In the process of game [30], the strategy combination of a secret reconstruction is \(f_j\):

For example: \(f_1=(f_{1,1}\dots f_{i-1,1},f_{i,1}, f_{i+1,1}\dots f_{n,1})\) represents the strategy choice of all participants who need this secret in the reconstruction process of the first secret.

Cloud computing

Cloud computing is an Internet-based computing paradigm that serves as the foundation for the next generation of computing. It provides computational services, including data, storage, software, computing, and applications, to local devices through the Internet. As the popularity of cloud computing increases, it becomes essential to address the security and data protection concerns associated with it. To provide cloud services, sensitive data from all clients needs to be stored in the cloud host, and ensuring data security and personal privacy becomes paramount. Cloud service providers must safeguard this data and personal information from unauthorized access by both internal and malicious external parties. Consequently, several secure cloud computing schemes based on secret sharing approaches have been proposed [35].

Threshold secret sharing

Shamir (tn) threshold secret sharing scheme constructs \(t-1\) degree polynomial according to the threshold value, takes the secret S as a constant term, and calculates the function value at n points as the sub-secret share of n participants.
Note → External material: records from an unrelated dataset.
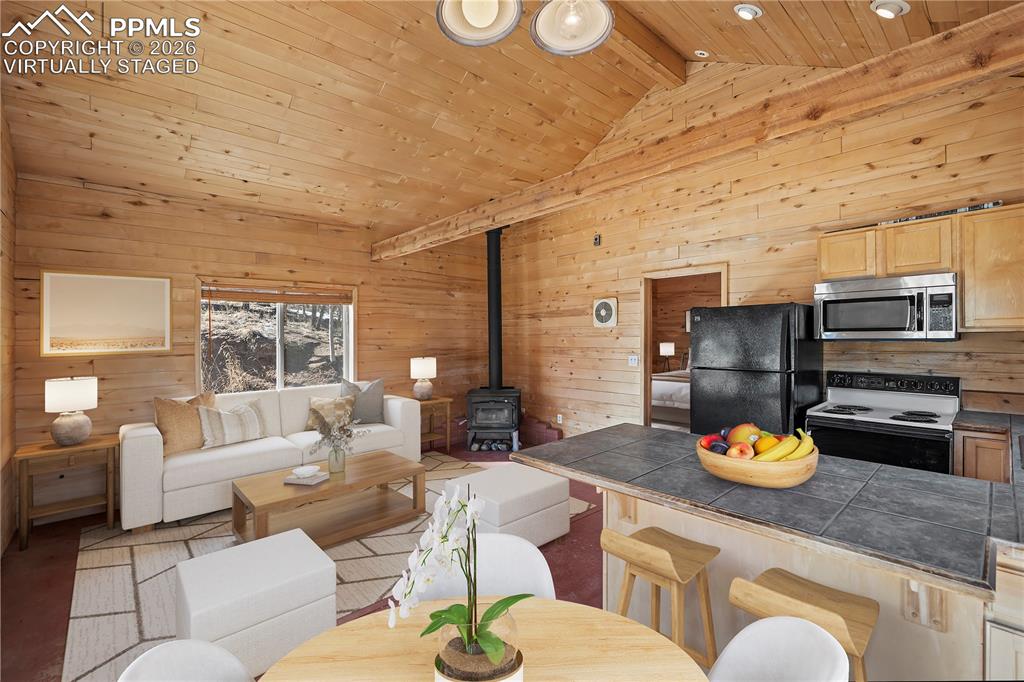 Image 2 of 10: VIRTUALLY STAGED - Living Room & Kitchen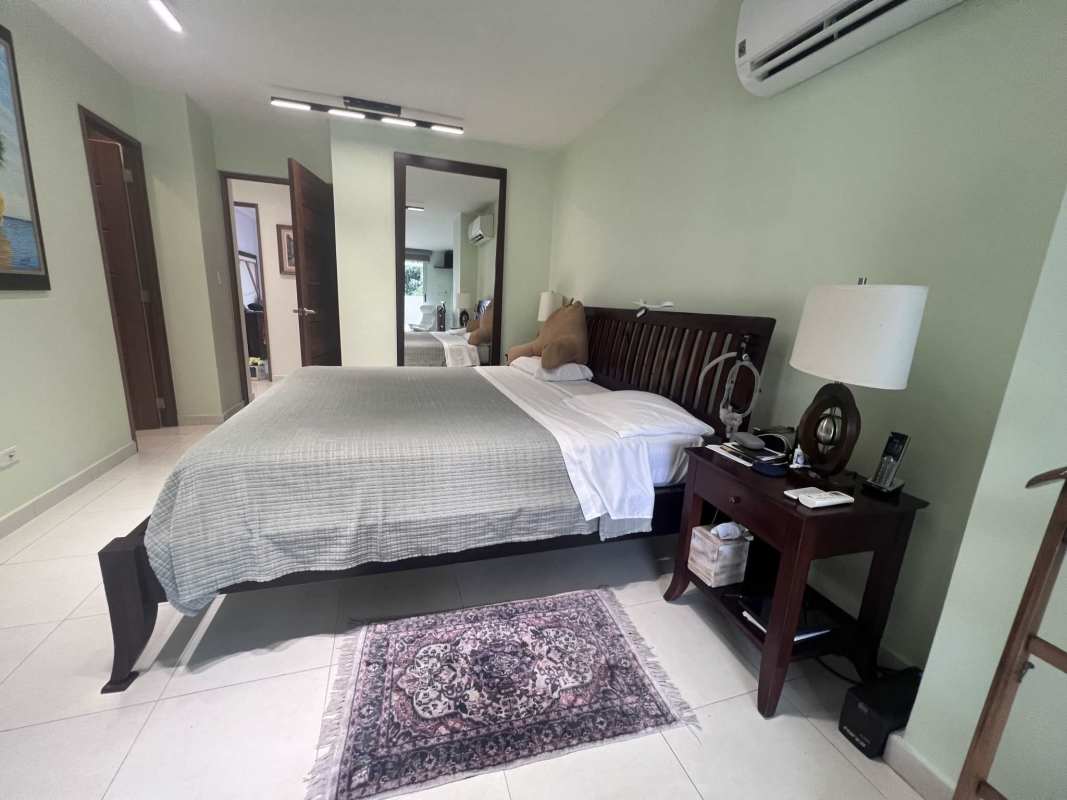 Balcony area with built-in planter, wood-look tile and city skyline view San Francisco Bay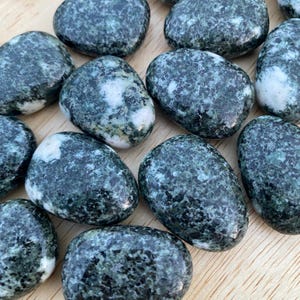 May include: A collection of smooth, oval-shaped stones. The stones are primarily dark green with white and light green marbling. The stones are arranged on a light brown wooden surface. The stones vary in size and shape.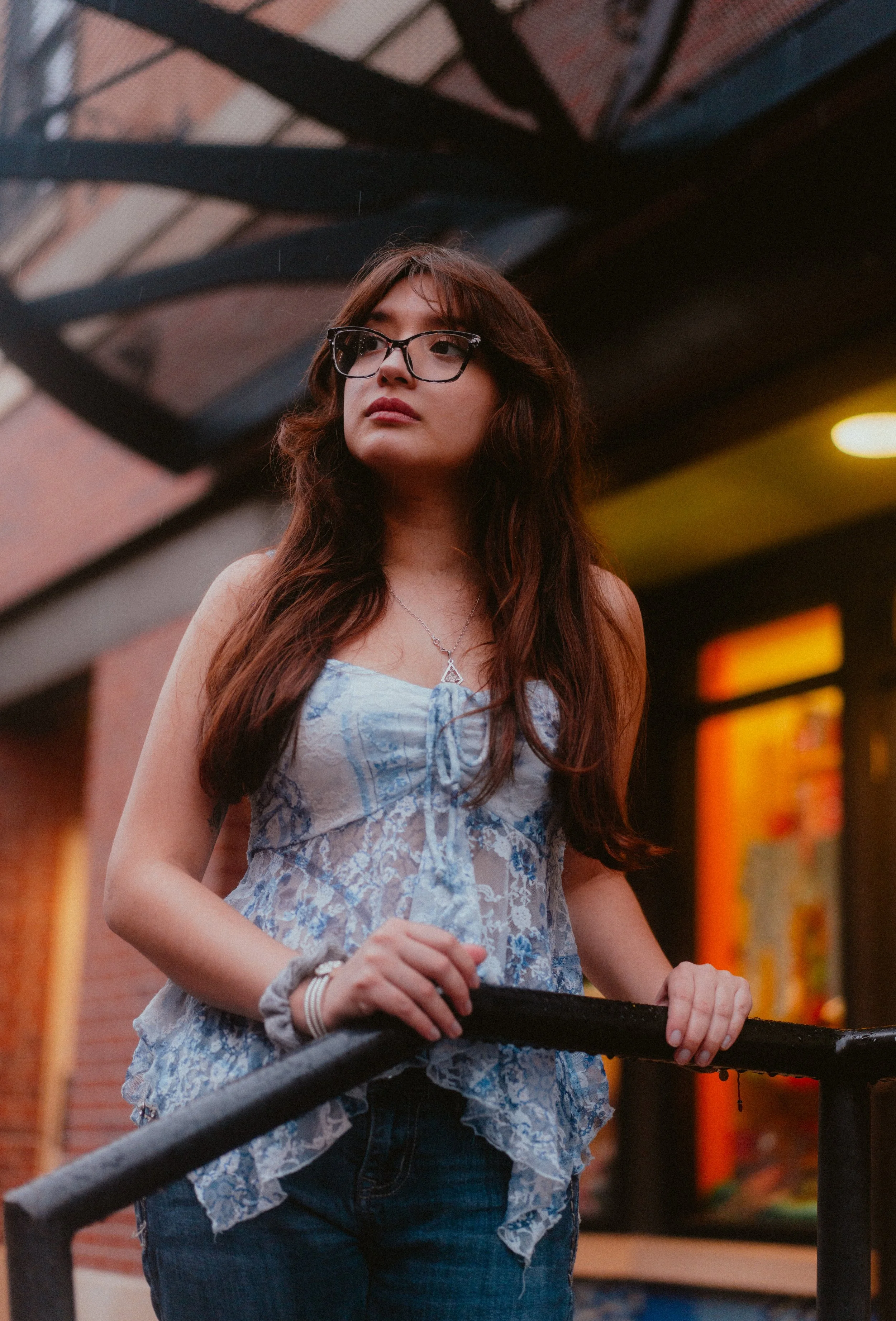 A young woman with long brown hair and glasses looking to the side on a city street at dusk, wearing a light blue lace top and jeans, holding onto a black railing.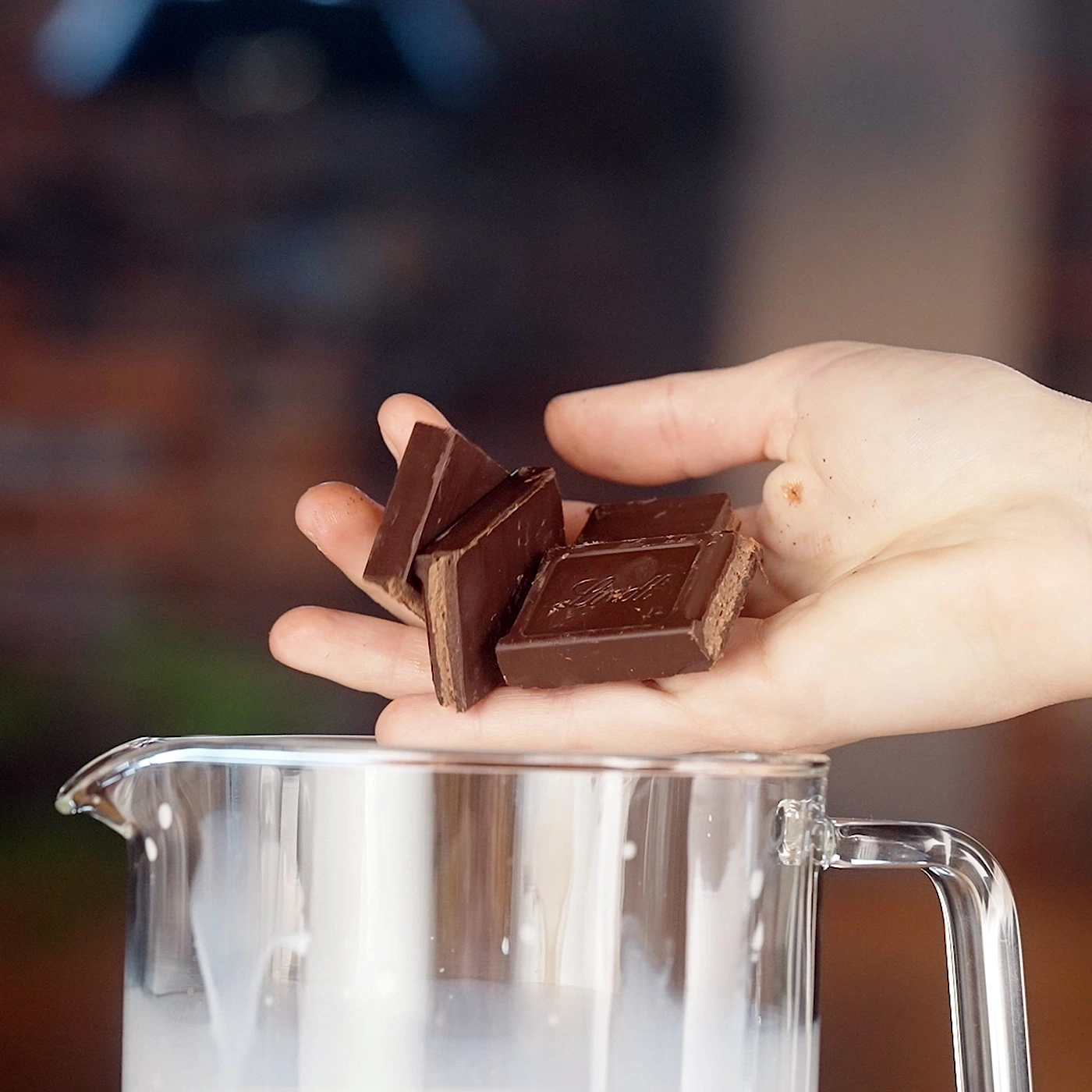 Hand hält Schokoladenstücke über einem Glas Milch.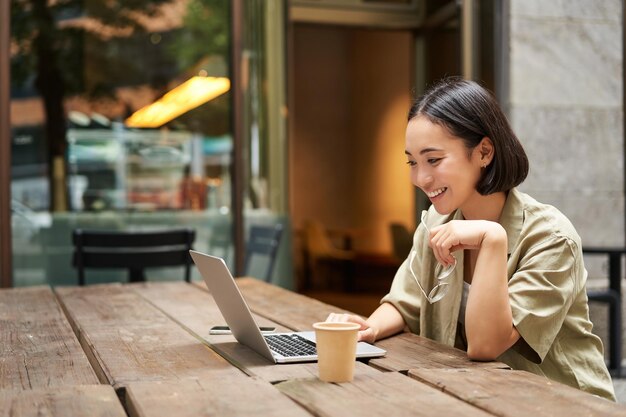 Retrato de uma mulher asiática olhando para o bate-papo por vídeo do laptop conversando com alguém via câmera de computador sentada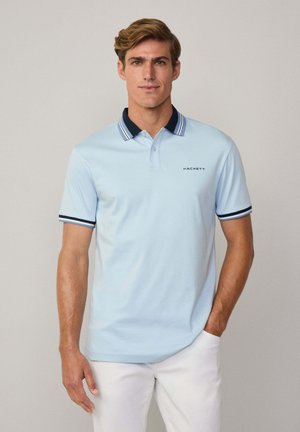 Lysblå polo skjorte med navy krave og stripe detaljer, prydet med et logo på venstre side. Lavet af blødt, åndbart stof.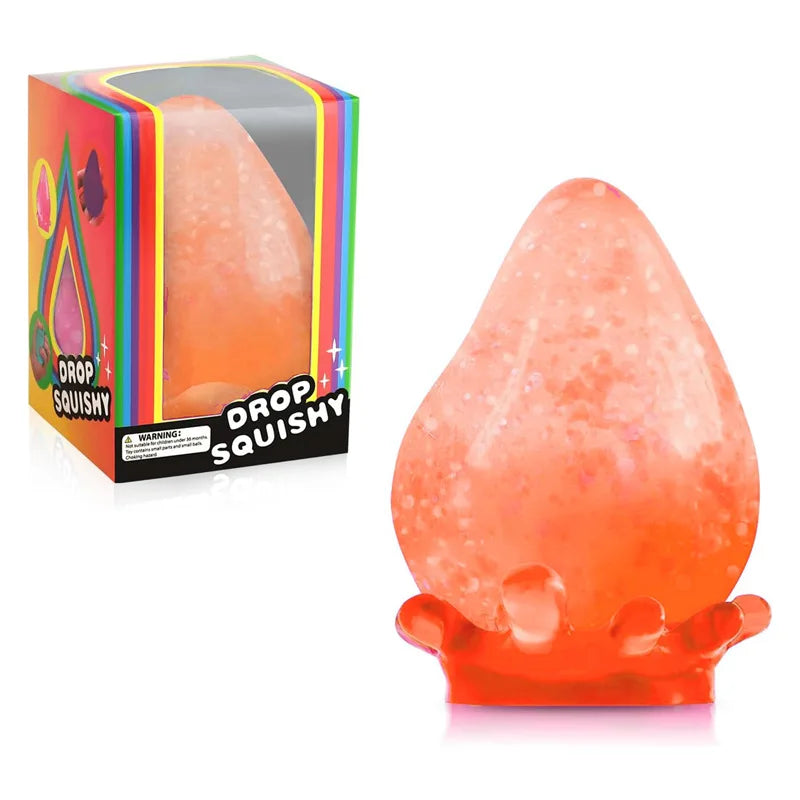 Durchsichtiger orangener Stressball in Tropfenform neben seiner Verpackung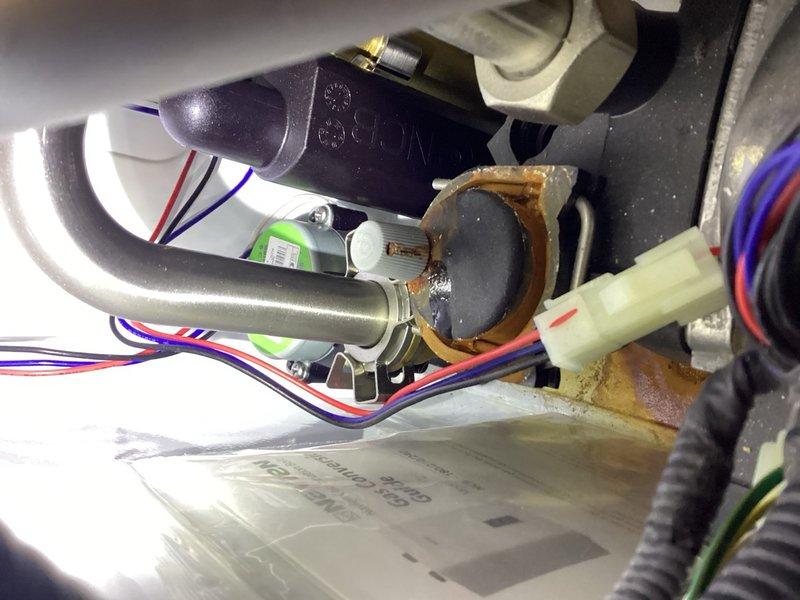 Replaced failed flame rod assembly on Navien tankless water heater. Unit was experiencing ignition issues due to corroded flame sensor, which was preventing proper burner operation. Installed new OEM flame rod assembly, tested system operation, and verified proper ignition sequence and flame detection functionality.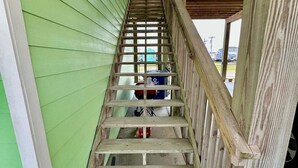 Una escalera de madera con barandilla de metal que lleva a una pared exterior verde.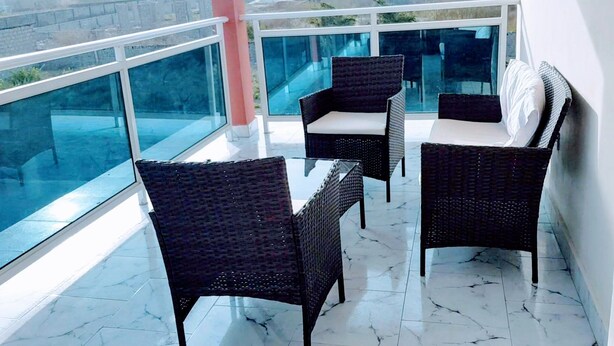 A balcony with wicker chairs and a glass table, large windows, and a tiled floor.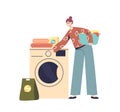 Woman loading wash machine to clean clothes. Young female housekeeper. Household activities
Split the secret into n copies and send them to n participants, so that any participant greater than or equal to t can reconstruct the secret S, and less than t participants can not obtain any information of the secret S [8]. The specific secret distribution and reconstruction process is as follows.

Secret distribution stage:

(1) Dealer selects a polynomial of degree \(t-1\):

$$\begin{aligned} f(x)=S+a_1 x+a_2 x^2+...+a_{t-1} x^{t-1} \end{aligned}$$

Where \(a_0=S\) is a secret value, \(a_1,a_2,...,a_{t-1}\) is a finite field Randomly selected elements in \(F_q\).

(2) The Dealer calculates f(i) as the sub-secret of participant \(P_i (i=1,2\dots n)\) and send them to the corresponding participants.

Secret reconstruction stage:

(3) The participants who perform the secret reconstruction send the sub-secret f(i) to other participants respectively.

(4) Participants calculate the secret according to the Lagrange interpolation formula:

$$\begin{aligned} S=\sum \limits _{i-1}^t f(i) \prod _{j=1,j\ne i}^t\frac{-j}{i-j} \end{aligned}$$

Shamir (tn) threshold secret sharing scheme meets the following requirements:

(1) Any number of participants greater than or equal to t can reconstruct the polynomial f(x) according to the Lagrange interpolation formula, so that the secret S can be recovered correctly and meet the correctness.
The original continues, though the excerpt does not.